Quote the data below in full, please, without altering anything.

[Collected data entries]
"""

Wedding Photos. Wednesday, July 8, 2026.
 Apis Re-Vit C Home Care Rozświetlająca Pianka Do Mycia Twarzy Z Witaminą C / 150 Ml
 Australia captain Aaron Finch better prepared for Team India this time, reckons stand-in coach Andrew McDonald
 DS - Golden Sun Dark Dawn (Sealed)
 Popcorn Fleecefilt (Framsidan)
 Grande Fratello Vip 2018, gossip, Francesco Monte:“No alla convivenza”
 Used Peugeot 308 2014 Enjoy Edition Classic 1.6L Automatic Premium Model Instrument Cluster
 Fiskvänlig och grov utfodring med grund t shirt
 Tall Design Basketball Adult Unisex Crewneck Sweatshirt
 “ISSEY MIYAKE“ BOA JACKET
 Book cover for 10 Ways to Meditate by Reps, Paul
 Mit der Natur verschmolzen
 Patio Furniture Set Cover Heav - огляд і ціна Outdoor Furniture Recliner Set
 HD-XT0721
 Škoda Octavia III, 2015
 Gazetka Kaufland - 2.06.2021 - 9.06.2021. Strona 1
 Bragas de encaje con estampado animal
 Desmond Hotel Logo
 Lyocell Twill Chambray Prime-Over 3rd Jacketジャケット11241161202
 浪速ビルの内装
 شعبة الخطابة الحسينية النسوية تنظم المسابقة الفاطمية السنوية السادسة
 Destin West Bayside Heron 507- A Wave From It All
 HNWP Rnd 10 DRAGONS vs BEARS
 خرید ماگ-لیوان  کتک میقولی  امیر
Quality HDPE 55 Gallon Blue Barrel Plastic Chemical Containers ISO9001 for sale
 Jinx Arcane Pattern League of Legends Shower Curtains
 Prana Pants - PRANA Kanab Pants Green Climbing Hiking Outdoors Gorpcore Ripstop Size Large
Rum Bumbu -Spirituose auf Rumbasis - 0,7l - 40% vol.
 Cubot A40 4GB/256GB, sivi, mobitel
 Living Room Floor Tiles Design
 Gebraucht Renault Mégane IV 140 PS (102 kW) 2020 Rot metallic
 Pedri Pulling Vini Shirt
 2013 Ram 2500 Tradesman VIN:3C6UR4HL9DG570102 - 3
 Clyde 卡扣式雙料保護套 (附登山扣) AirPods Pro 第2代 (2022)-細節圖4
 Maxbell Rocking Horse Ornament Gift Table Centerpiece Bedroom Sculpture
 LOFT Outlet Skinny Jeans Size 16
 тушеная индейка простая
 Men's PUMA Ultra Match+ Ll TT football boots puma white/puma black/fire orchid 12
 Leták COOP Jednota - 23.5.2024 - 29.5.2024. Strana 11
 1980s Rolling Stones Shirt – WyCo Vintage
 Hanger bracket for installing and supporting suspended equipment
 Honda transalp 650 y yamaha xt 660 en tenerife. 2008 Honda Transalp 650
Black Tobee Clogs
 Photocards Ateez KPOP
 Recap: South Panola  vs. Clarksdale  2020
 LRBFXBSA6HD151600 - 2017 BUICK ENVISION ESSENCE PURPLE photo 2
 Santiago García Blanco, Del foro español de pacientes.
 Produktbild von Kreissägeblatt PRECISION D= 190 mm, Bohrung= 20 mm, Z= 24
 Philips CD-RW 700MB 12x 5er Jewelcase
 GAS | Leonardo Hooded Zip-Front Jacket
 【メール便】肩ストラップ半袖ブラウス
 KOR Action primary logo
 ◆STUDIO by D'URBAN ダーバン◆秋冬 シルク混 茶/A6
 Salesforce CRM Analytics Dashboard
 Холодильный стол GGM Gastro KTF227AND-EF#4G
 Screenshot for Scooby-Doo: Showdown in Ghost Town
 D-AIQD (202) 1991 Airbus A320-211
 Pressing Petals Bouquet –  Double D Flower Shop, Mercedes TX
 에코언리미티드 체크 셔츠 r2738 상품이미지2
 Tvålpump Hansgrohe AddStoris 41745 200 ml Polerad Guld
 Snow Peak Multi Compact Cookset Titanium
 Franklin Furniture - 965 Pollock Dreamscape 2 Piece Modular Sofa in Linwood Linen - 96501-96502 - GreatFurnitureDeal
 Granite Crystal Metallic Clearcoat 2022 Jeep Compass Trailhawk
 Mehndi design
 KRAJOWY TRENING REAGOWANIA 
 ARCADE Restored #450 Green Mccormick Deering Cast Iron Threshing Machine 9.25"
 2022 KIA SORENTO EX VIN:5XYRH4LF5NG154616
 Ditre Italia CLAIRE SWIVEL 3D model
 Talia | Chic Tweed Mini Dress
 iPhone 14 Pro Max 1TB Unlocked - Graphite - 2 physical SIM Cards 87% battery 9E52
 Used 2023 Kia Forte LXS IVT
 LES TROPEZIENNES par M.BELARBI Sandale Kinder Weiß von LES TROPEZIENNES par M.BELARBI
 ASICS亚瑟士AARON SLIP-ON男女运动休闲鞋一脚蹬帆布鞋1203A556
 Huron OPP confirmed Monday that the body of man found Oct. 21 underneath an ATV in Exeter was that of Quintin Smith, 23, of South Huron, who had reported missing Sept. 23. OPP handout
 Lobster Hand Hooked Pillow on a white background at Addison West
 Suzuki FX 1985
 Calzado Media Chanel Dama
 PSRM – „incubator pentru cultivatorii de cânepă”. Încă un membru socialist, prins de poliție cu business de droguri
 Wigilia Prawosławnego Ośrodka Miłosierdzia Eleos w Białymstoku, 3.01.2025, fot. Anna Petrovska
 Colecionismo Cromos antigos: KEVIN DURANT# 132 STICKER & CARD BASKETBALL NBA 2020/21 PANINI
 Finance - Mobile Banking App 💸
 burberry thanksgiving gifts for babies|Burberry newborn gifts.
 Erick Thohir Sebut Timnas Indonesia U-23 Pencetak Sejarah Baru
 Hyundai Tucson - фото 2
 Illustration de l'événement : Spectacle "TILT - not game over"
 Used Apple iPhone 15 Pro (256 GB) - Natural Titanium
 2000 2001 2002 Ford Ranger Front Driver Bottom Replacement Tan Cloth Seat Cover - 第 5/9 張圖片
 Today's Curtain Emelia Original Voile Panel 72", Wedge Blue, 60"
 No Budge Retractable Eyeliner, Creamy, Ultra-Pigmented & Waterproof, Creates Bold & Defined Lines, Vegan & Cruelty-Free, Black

"""

[EXERCISE RESULT]
Wedding Photos. Wednesday, July 8, 2026.
 Apis Re-Vit C Home Care Rozświetlająca Pianka Do Mycia Twarzy Z Witaminą C / 150 Ml
 Australia captain Aaron Finch better prepared for Team India this time, reckons stand-in coach Andrew McDonald
 DS - Golden Sun Dark Dawn (Sealed)
 Popcorn Fleecefilt (Framsidan)
 Grande Fratello Vip 2018, gossip, Francesco Monte:“No alla convivenza”
 Used Peugeot 308 2014 Enjoy Edition Classic 1.6L Automatic Premium Model Instrument Cluster
 Fiskvänlig och grov utfodring med grund t shirt
 Tall Design Basketball Adult Unisex Crewneck Sweatshirt
 “ISSEY MIYAKE“ BOA JACKET
 Book cover for 10 Ways to Meditate by Reps, Paul
 Mit der Natur verschmolzen
 Patio Furniture Set Cover Heav - огляд і ціна Outdoor Furniture Recliner Set
 HD-XT0721
 Škoda Octavia III, 2015
 Gazetka Kaufland - 2.06.2021 - 9.06.2021. Strona 1
 Bragas de encaje con estampado animal
 Desmond Hotel Logo
 Lyocell Twill Chambray Prime-Over 3rd Jacketジャケット11241161202
 浪速ビルの内装
 شعبة الخطابة الحسينية النسوية تنظم المسابقة الفاطمية السنوية السادسة
 Destin West Bayside Heron 507- A Wave From It All
 HNWP Rnd 10 DRAGONS vs BEARS
 خرید ماگ-لیوان  کتک میقولی  امیر
Quality HDPE 55 Gallon Blue Barrel Plastic Chemical Containers ISO9001 for sale
 Jinx Arcane Pattern League of Legends Shower Curtains
 Prana Pants - PRANA Kanab Pants Green Climbing Hiking Outdoors Gorpcore Ripstop Size Large
Rum Bumbu -Spirituose auf Rumbasis - 0,7l - 40% vol.
 Cubot A40 4GB/256GB, sivi, mobitel
 Living Room Floor Tiles Design
 Gebraucht Renault Mégane IV 140 PS (102 kW) 2020 Rot metallic
 Pedri Pulling Vini Shirt
 2013 Ram 2500 Tradesman VIN:3C6UR4HL9DG570102 - 3
 Clyde 卡扣式雙料保護套 (附登山扣) AirPods Pro 第2代 (2022)-細節圖4
 Maxbell Rocking Horse Ornament Gift Table Centerpiece Bedroom Sculpture
 LOFT Outlet Skinny Jeans Size 16
 тушеная индейка простая
 Men's PUMA Ultra Match+ Ll TT football boots puma white/puma black/fire orchid 12
 Leták COOP Jednota - 23.5.2024 - 29.5.2024. Strana 11
 1980s Rolling Stones Shirt – WyCo Vintage
 Hanger bracket for installing and supporting suspended equipment
 Honda transalp 650 y yamaha xt 660 en tenerife. 2008 Honda Transalp 650
Black Tobee Clogs
 Photocards Ateez KPOP
 Recap: South Panola  vs. Clarksdale  2020
 LRBFXBSA6HD151600 - 2017 BUICK ENVISION ESSENCE PURPLE photo 2
 Santiago García Blanco, Del foro español de pacientes.
 Produktbild von Kreissägeblatt PRECISION D= 190 mm, Bohrung= 20 mm, Z= 24
 Philips CD-RW 700MB 12x 5er Jewelcase
 GAS | Leonardo Hooded Zip-Front Jacket
 【メール便】肩ストラップ半袖ブラウス
 KOR Action primary logo
 ◆STUDIO by D'URBAN ダーバン◆秋冬 シルク混 茶/A6
 Salesforce CRM Analytics Dashboard
 Холодильный стол GGM Gastro KTF227AND-EF#4G
 Screenshot for Scooby-Doo: Showdown in Ghost Town
 D-AIQD (202) 1991 Airbus A320-211
 Pressing Petals Bouquet –  Double D Flower Shop, Mercedes TX
 에코언리미티드 체크 셔츠 r2738 상품이미지2
 Tvålpump Hansgrohe AddStoris 41745 200 ml Polerad Guld
 Snow Peak Multi Compact Cookset Titanium
 Franklin Furniture - 965 Pollock Dreamscape 2 Piece Modular Sofa in Linwood Linen - 96501-96502 - GreatFurnitureDeal
 Granite Crystal Metallic Clearcoat 2022 Jeep Compass Trailhawk
 Mehndi design
 KRAJOWY TRENING REAGOWANIA 
 ARCADE Restored #450 Green Mccormick Deering Cast Iron Threshing Machine 9.25"
 2022 KIA SORENTO EX VIN:5XYRH4LF5NG154616
 Ditre Italia CLAIRE SWIVEL 3D model
 Talia | Chic Tweed Mini Dress
 iPhone 14 Pro Max 1TB Unlocked - Graphite - 2 physical SIM Cards 87% battery 9E52
 Used 2023 Kia Forte LXS IVT
 LES TROPEZIENNES par M.BELARBI Sandale Kinder Weiß von LES TROPEZIENNES par M.BELARBI
 ASICS亚瑟士AARON SLIP-ON男女运动休闲鞋一脚蹬帆布鞋1203A556
 Huron OPP confirmed Monday that the body of man found Oct. 21 underneath an ATV in Exeter was that of Quintin Smith, 23, of South Huron, who had reported missing Sept. 23. OPP handout
 Lobster Hand Hooked Pillow on a white background at Addison West
 Suzuki FX 1985
 Calzado Media Chanel Dama
 PSRM – „incubator pentru cultivatorii de cânepă”. Încă un membru socialist, prins de poliție cu business de droguri
 Wigilia Prawosławnego Ośrodka Miłosierdzia Eleos w Białymstoku, 3.01.2025, fot. Anna Petrovska
 Colecionismo Cromos antigos: KEVIN DURANT# 132 STICKER & CARD BASKETBALL NBA 2020/21 PANINI
 Finance - Mobile Banking App 💸
 burberry thanksgiving gifts for babies|Burberry newborn gifts.
 Erick Thohir Sebut Timnas Indonesia U-23 Pencetak Sejarah Baru
 Hyundai Tucson - фото 2
 Illustration de l'événement : Spectacle "TILT - not game over"
 Used Apple iPhone 15 Pro (256 GB) - Natural Titanium
 2000 2001 2002 Ford Ranger Front Driver Bottom Replacement Tan Cloth Seat Cover - 第 5/9 張圖片
 Today's Curtain Emelia Original Voile Panel 72", Wedge Blue, 60"
 No Budge Retractable Eyeliner, Creamy, Ultra-Pigmented & Waterproof, Creates Bold & Defined Lines, Vegan & Cruelty-Free, Black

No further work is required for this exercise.